§ MATERIAL SHOWN
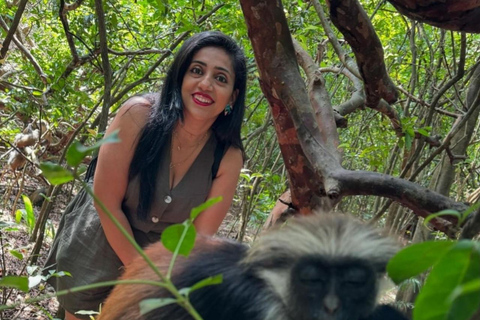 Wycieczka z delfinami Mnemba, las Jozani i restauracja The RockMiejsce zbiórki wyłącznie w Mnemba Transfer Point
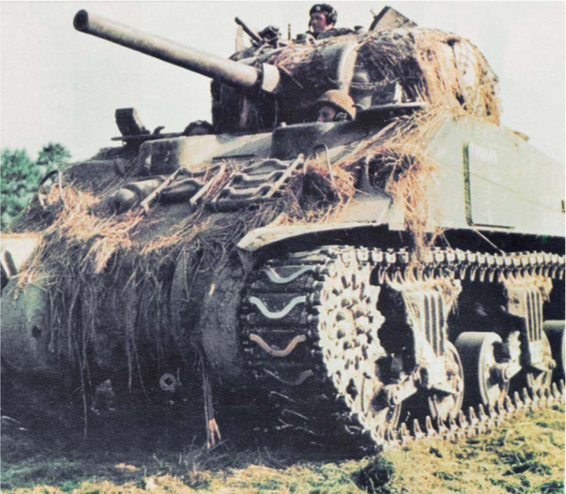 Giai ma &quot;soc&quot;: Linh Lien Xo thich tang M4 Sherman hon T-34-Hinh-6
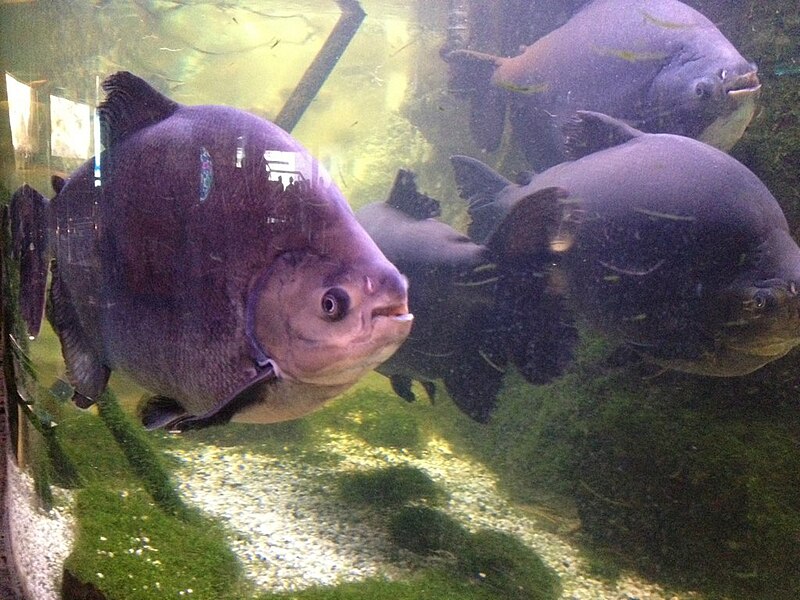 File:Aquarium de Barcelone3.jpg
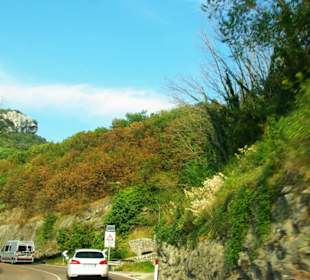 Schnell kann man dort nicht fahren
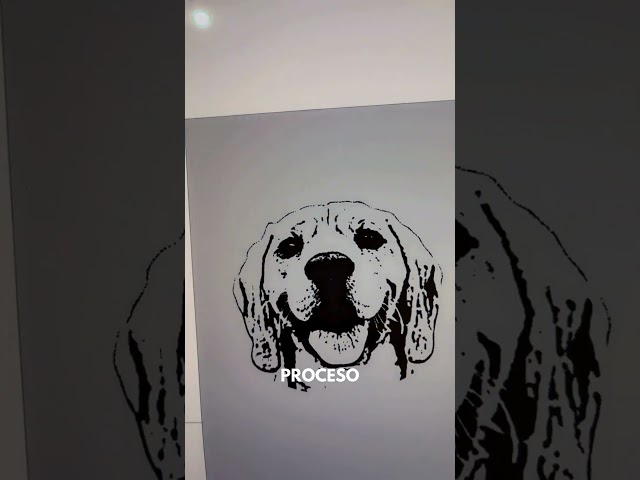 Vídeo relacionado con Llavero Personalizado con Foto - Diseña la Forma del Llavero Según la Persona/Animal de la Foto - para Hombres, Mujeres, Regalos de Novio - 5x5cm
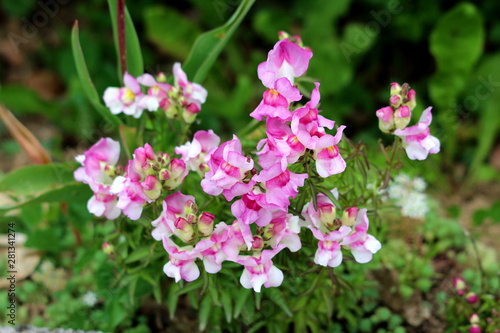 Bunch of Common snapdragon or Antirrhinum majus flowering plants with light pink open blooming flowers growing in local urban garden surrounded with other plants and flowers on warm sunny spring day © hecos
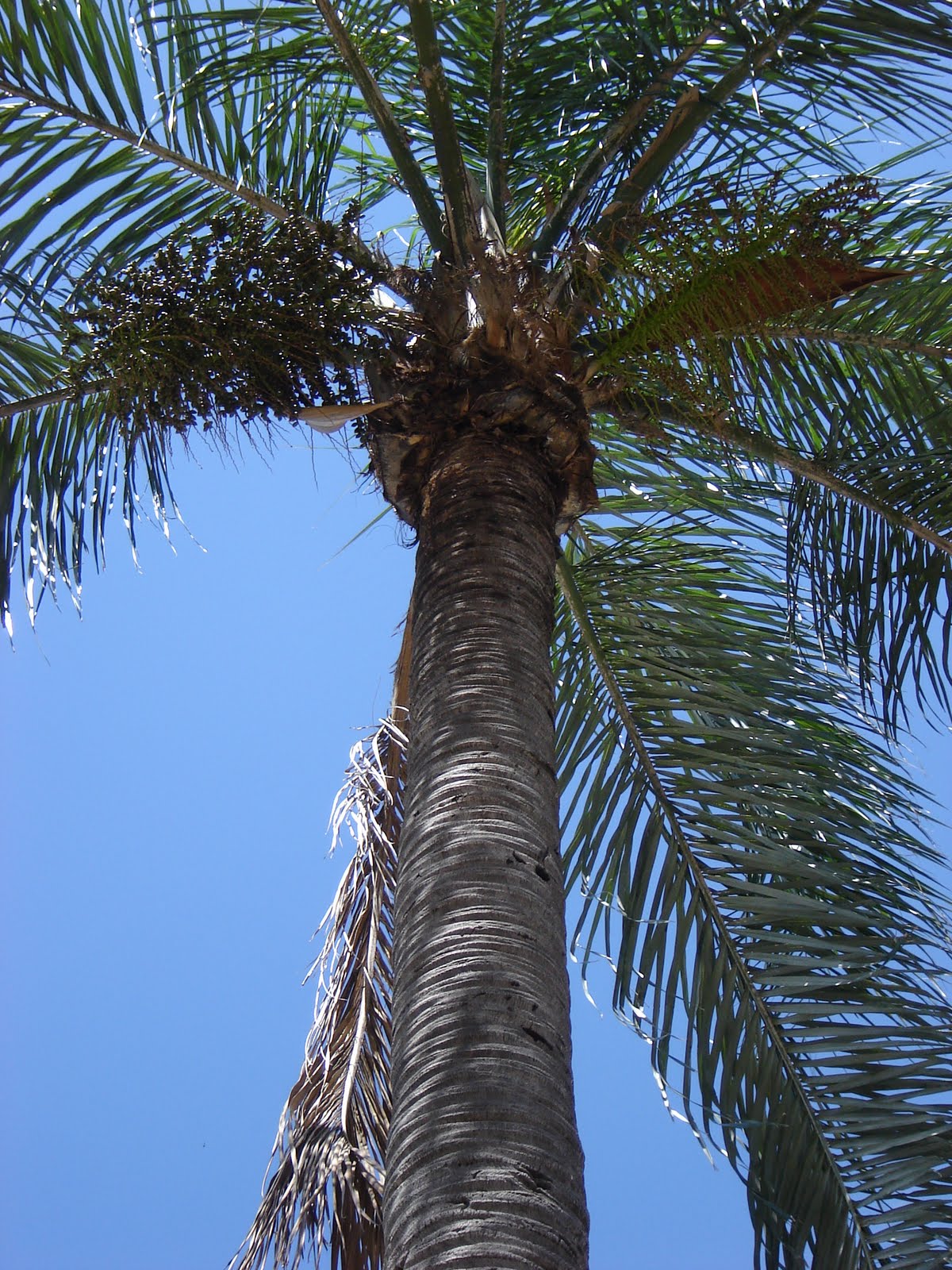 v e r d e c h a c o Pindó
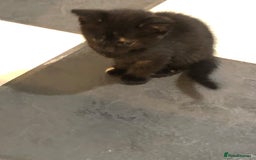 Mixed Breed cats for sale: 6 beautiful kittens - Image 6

§ TASK GOAL
Copy the whole listing exactly, excluding the pictures in it.

§ EXERCISE RESULT
 Wycieczka z delfinami Mnemba, las Jozani i restauracja The RockMiejsce zbiórki wyłącznie w Mnemba Transfer Point
 Giai ma &quot;soc&quot;: Linh Lien Xo thich tang M4 Sherman hon T-34-Hinh-6
 File:Aquarium de Barcelone3.jpg
 Schnell kann man dort nicht fahren
 Vídeo relacionado con Llavero Personalizado con Foto - Diseña la Forma del Llavero Según la Persona/Animal de la Foto - para Hombres, Mujeres, Regalos de Novio - 5x5cm
 Bunch of Common snapdragon or Antirrhinum majus flowering plants with light pink open blooming flowers growing in local urban garden surrounded with other plants and flowers on warm sunny spring day © hecos
 v e r d e c h a c o Pindó
 Mixed Breed cats for sale: 6 beautiful kittens - Image 6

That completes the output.